5ª. característica: Taxas baixas de suicídio e crescimento desse tipo de violência, na população de maior idade O Brasil mantém taxas relativamente baixas de suicídio, constantes em toda a série histórica analisada. Observa-se prevalência masculina em todas as faixas de idade. Cerca de 3,5 a 4,0/100.000 Existe incremento das taxas de suicídio nas faixas de 50 anos e mais, sobretudo, na população acima de 70 anos. Esse incremento do suicídio da população idosa vem acontecendo desde a Segunda Guerra Mundial em vários países da Europa. As análises dos casos no caso dos idosos mostra a associação com sentimentos de abandono, de impotência social, elevado sofrimento provocado por enfermidades degenerativas e depressão. Também se associa a várias outras formas de violência praticadas pela família ou por instituições.

5ª. característica: Concentração por gênero, idade e condição social HOMENS: a cada 100 mil ocorrências, 54 envolvem homens, 4,4 mulheres. A mesma concentração das taxas de óbitos por causas externas que constatamos na população masculina, encontramos também quanto às faixas etárias. IDADE: Durante os últimos 25 anos, cerca de 70% de todos os homicídios foram de adolescentes e homens jovens de 10 a 39 anos.(1) o primeiro lugar, 20 a 24 anos; (2) o segundo, de 25 a 29 anos. JUVENILIZAÇÃO: embora o segmento de 15 a 19 anos apresente taxas menores, é o que mostra tendência de crescimento (33,8%), no período 2000-2005 e 1980-1985 CONDIÇÃO SOCIAL: maioria pobre, com baixa escolaridade e vivendo nas periferias das regiões metropolitanas das grandes cidades.

6ª. característica: Concentração das mortes por meio de armas de fogo Em todas as capitais do país, a arma de fogo é o instrumento preferencial para dirimir conflitos e produzir a morte entre as pessoas sobretudo entre os homens.
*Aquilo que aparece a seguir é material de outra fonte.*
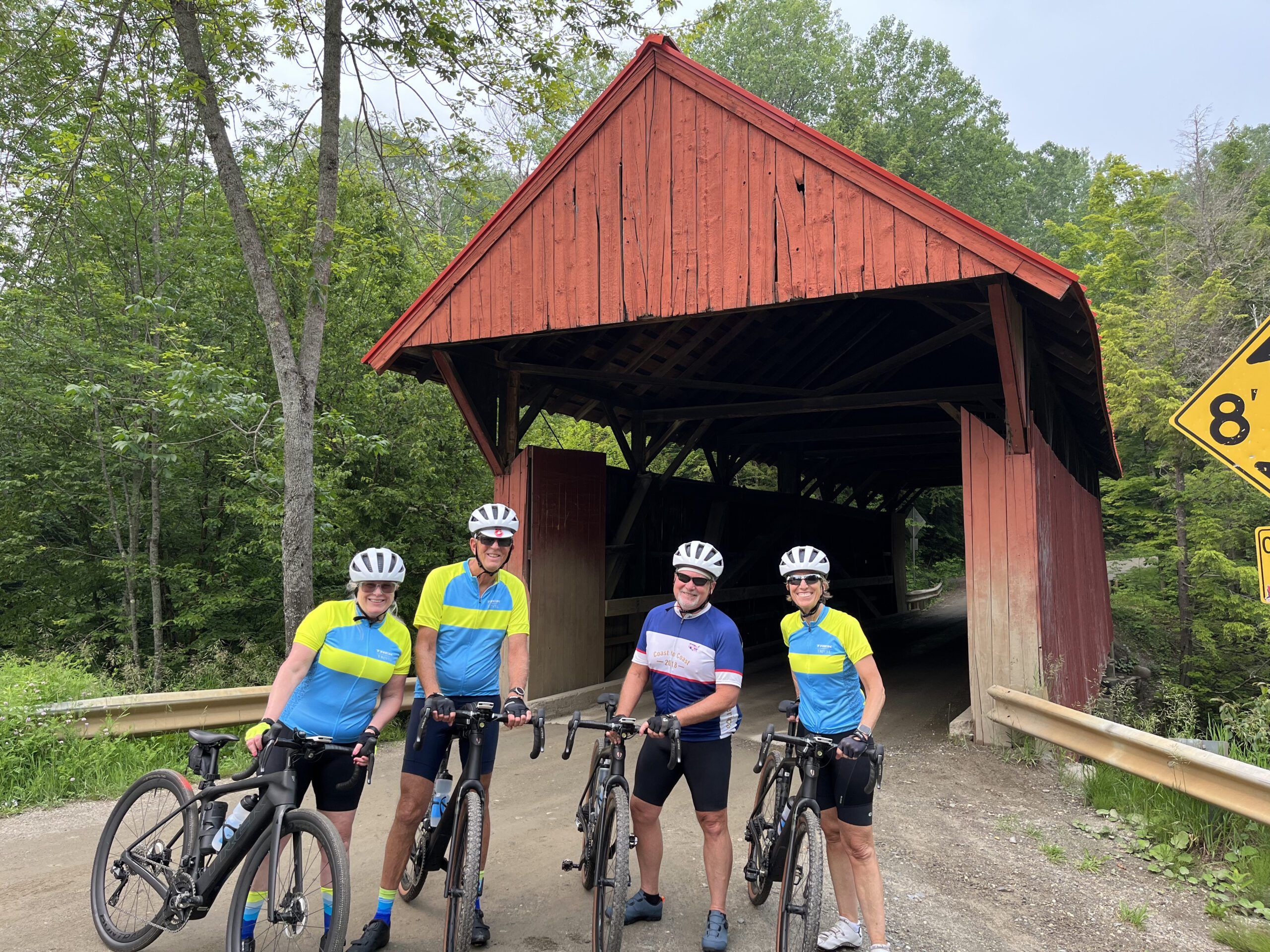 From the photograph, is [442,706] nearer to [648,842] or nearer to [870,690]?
[648,842]

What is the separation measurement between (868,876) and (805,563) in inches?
48.5

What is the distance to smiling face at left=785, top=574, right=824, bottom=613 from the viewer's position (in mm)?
3570

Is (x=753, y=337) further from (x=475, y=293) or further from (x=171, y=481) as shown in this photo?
(x=171, y=481)

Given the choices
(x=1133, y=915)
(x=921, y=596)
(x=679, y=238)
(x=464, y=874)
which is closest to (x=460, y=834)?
(x=464, y=874)

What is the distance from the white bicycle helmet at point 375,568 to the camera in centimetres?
347

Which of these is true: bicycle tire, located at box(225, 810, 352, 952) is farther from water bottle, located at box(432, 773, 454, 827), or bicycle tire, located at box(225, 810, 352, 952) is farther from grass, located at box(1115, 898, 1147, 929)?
grass, located at box(1115, 898, 1147, 929)

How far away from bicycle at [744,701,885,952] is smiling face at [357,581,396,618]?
64.3 inches

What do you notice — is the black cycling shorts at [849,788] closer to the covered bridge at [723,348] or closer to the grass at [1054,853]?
the grass at [1054,853]

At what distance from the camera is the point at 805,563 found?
3.60m

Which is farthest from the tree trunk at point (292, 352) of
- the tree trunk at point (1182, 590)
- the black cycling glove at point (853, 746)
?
the tree trunk at point (1182, 590)

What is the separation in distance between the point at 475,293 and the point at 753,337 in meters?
4.07

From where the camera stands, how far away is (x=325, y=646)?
342cm

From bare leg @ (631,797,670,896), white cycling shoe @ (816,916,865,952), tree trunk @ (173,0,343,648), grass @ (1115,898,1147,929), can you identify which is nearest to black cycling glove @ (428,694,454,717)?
bare leg @ (631,797,670,896)

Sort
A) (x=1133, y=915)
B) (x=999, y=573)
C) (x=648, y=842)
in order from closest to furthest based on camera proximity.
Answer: (x=648, y=842)
(x=1133, y=915)
(x=999, y=573)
Atualmente, não se pode falar de homicídio no Brasil e no mundo sem que venha à tona a evidência do envolvimento e da contribuição das armas de fogo que movimentam um dos maiores mercados da economia global. Dados da década de 90 sugerem que acima de 60% dos assassinatos ocorridos em áreas urbanas brasileiras na década de 90 foram cometidos com o uso desses aparatos. Ex: No Rio de Janeiro, 90% das mortes violentas são cometidas com o uso da arma de fogo e 70% dos homicídios são provocadas por confrontos armados entre os traficantes e policiais.

Considerações Finais Embora muito já tenhamos escrito e dito sobre o impacto da violência sobre a saúde, é importante que, cada vez mais, acompanhemos esse movimento, monitorando as insidiosas trilhas de sua manifestação em nosso país como um todo e em cada município em particular. Numa política de atenção ao problema, se um estudo de cada localidade ainda não foi feito é necessário que o seja. Pois, a história local, a formação social e as vivências atuais se refletem nas manifestações de violência que são também locais, ocorrem dentro dos lares, nas relações de trabalho e institucionais, embora a maioria das violências não apareçam nas taxas de morte ou de internação.